Dáil debates

Tuesday, 8 October 2019

Financial Resolutions - Budget Statement 2020

 

5:25 pm

Photo of Richard Boyd BarrettRichard Boyd Barrett (Dún Laoghaire, People Before Profit Alliance) | Oireachtas source

We needed a radical budget to deal with the threat of a no-deal Brexit, the disastrous housing and homelessness crisis, the crisis in our public health system, the climate emergency, the astronomical cost of childcare and the woefully inadequate disability and respite services, among a whole range of other areas. We did not get a radical budget or radical action on any of these crises, threats or emergencies that face us. We got a deeply conservative budget that will address none of these crises or emergencies. Working people, pensioners and young people who are dependent on social welfare got absolutely nothing. By getting nothing, they have in effect taken cuts. That is the reality. By imposing a freeze on the incomes of the poorest people and on working people, giving them nothing, the Government has in effect cut their incomes.

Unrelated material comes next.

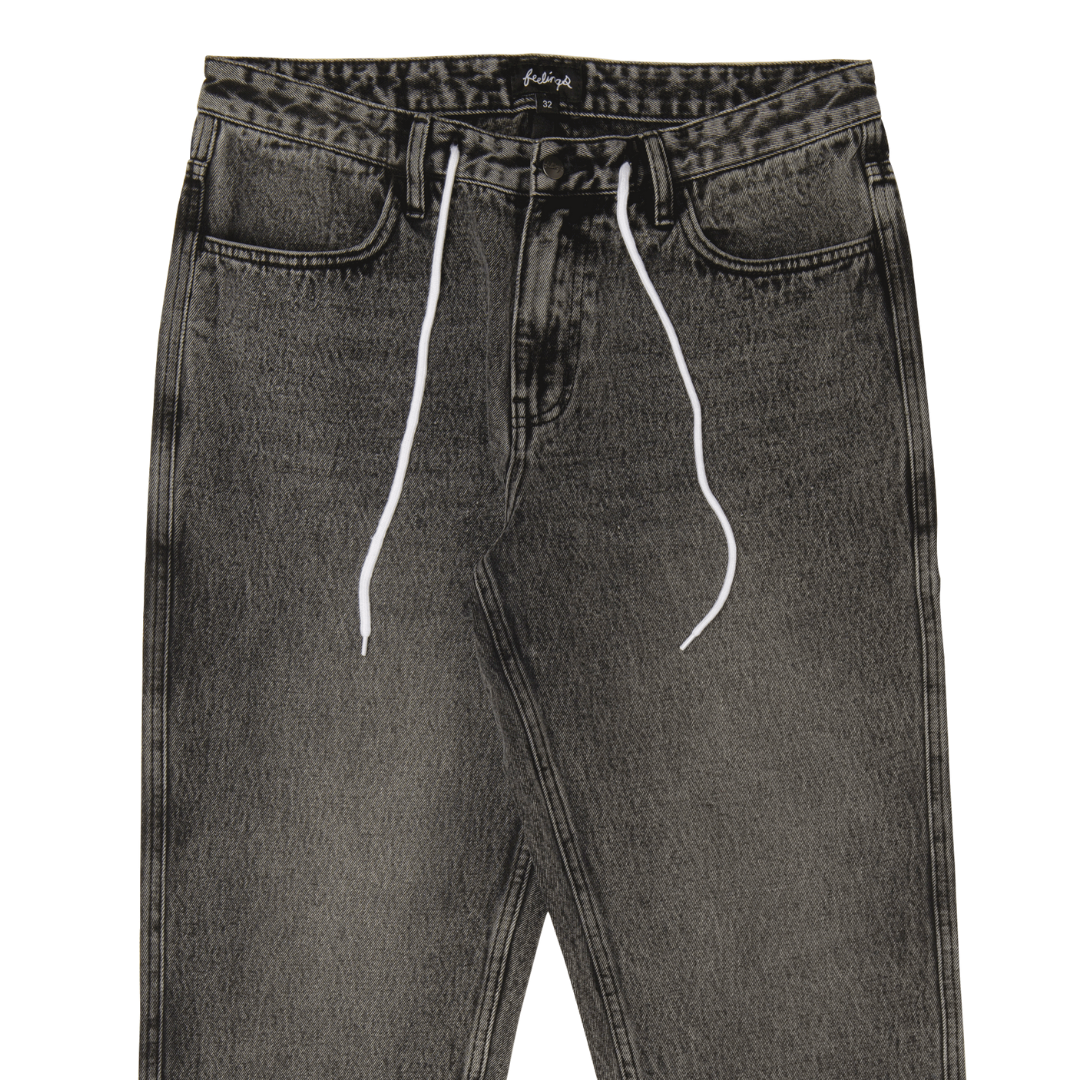 Grinder Pants Black Acid Wash Denim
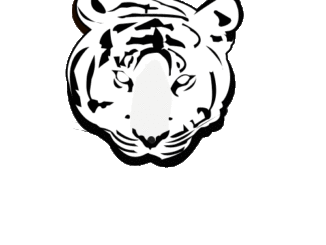 トラのイラスト06（正面からのトラの顔の白黒イラスト）[GIF]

The Government may believe that is prudent in the face of the threat of a no-deal Brexit. In fact, it repeats the folly of the Government that reacted to the last major crisis, the crash of 2008, where austerity and keeping a clamp on or cutting the incomes of working people made a bad situation a hell of a lot worse. We are still paying for those mistakes with the housing crisis that we face, the mess in our public health system and shocking levels of poverty, with 720,000 people in the country living in poverty, including 230,000 children. Some 100,000 people who are working in the country are officially living in poverty. The Government has given no increases in social welfare or relief on the austerity USC that was imposed on workers all those years ago, which effectively cut their incomes. That is a big mistake and one does not have to be a radical socialist to think so. John Maynard Keynes made this point a long time ago. When one is facing a potential downturn or disruption in an economy, one should spend more, boost people's incomes and increase investment in infrastructure, key sectors of the economy and in services. The Government has done the opposite to that. The so-called prudence is conservatism in reality and will potentially make a bad situation worse.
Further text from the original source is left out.